Doing Power BI the Right Way: 10. Designing and Managing Large Datasets

June 1, 2021June 1, 2021

Part of the the series: Doing Power BI the Right Way

Later in this post, you will find a 27 minute framed video including a series of interviews and discussions with a few of my colleagues. They provide perspectives and recent experiences related to this topic. The best approach to design and maintain large data models depends on different factors. However, many years of experience have proven that there are best practices to embrace and common mistakes to avoid.

I was just talking to a consulting client about the best approach to build a data model and he told me something very interesting about the way they were loading data into Power BI. He said “We don’t use facts and dimensions, we load all of our data into one huge table.” He said that their data model performs well and that it meets their reporting needs. It is a difficult point to argue, when something is working at the time although the design might not follow the accepted rules. Life is like that and there are plenty of analogies to make the point that a practice, even a real bad practice, might solve a problem for a period of time and under certain conditions. <analogy>You can drive a car at excessive speed to get to your destination faster. You might not get caught by the police on that day and you might not crash but eventually, if you make it a habit, this practice will catch up to you.</analogy> Data is like that. If you don’t play by the rules, you limit your options. Bending the rules lets you move faster and sometimes with less hassle. But, as the project scope expands – and after adding enough data or other complexities to the solution, it will not endure. The data model won’t perform well, won’t load the correct data or it just won’t be reliable.

This post will explore the realities of best practice design for large data models; some important considerations and trade-off decisions when working with both “big data” and “large data”.

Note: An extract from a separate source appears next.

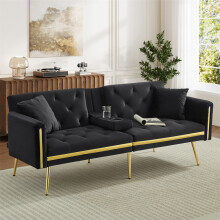 (Black, Cup Holders & Gold Accents) Two-Seater Sofa Bed with Adjustable Backrest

One of the great challenges with Power BI is that it is so easy to build simple data models and reports quickly. But, often when those projects need to grow-up, they aren’t ready for enterprise use. This isn’t a problem with the tool, it is a problem with the way it is often used. If someone says “Hey, Paul, I need you to create a report quickly. Can you import data from these three sources into Power BI and create a quick dashboard report?” I might say “sure, let’s just do this:”

Merge records from multiple files and queries into a single table in the model.
Use in-line SQL queries in Power Query to join source tables together and apply transformation logic.
In reports, summarize numeric columns from a table in the data model, rather than defining DAX measures.
Reload the entire model when source data changes.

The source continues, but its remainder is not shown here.